---------- Records supplied ----------
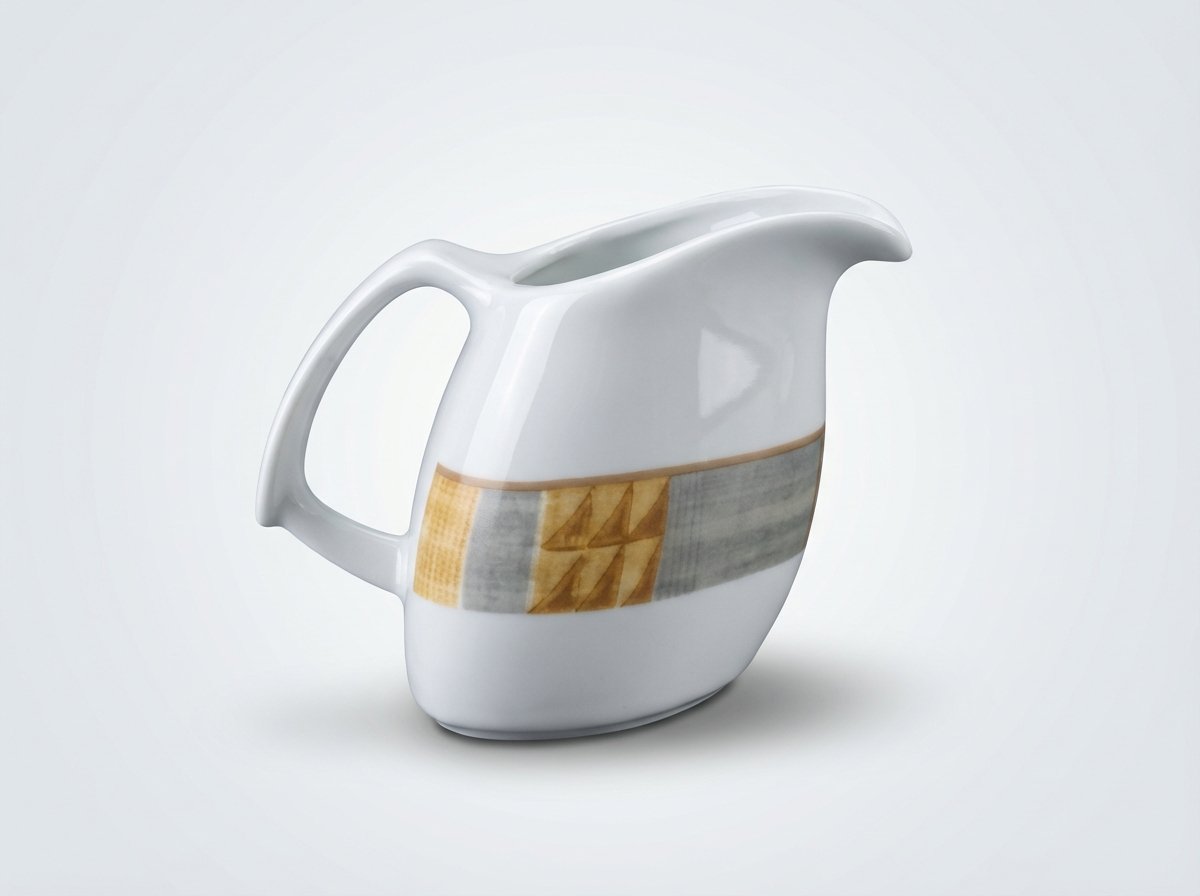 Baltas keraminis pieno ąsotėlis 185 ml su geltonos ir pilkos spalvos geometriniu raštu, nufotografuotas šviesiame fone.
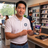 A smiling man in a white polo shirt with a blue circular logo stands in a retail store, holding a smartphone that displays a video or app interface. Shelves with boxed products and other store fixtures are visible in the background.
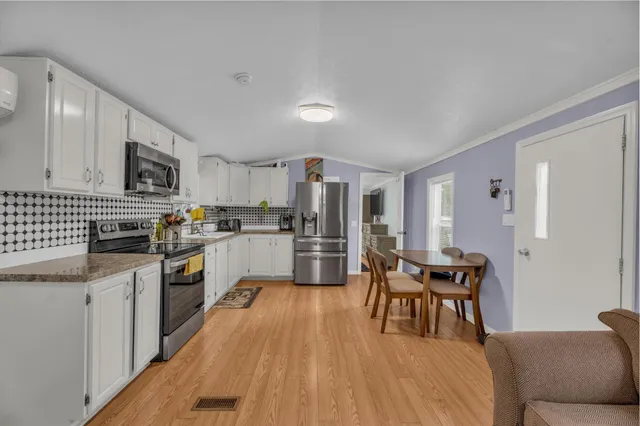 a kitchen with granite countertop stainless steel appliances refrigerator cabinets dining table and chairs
----------
---------- Records supplied ----------
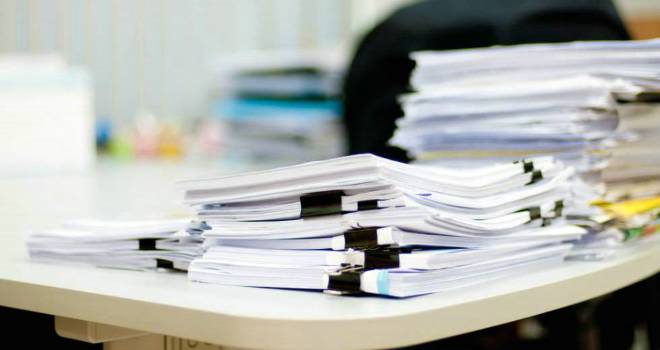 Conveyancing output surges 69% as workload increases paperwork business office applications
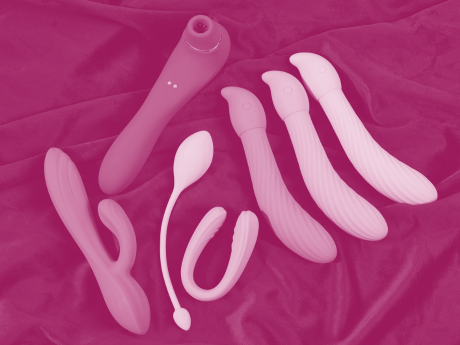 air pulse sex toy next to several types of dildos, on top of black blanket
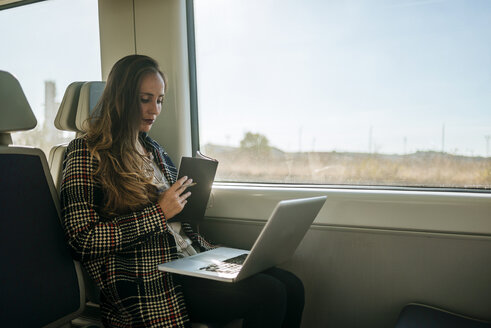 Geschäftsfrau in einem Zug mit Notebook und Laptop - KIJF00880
----------
→ **About this task**:
Take the material above from the line containing "air pulse sex" up to and including the line containing "Geschäftsfrau in einem" and retype it exactly, without any pictures.

→ **Result for this exercise**:
 air pulse sex toy next to several types of dildos, on top of black blanket
 Geschäftsfrau in einem Zug mit Notebook und Laptop - KIJF00880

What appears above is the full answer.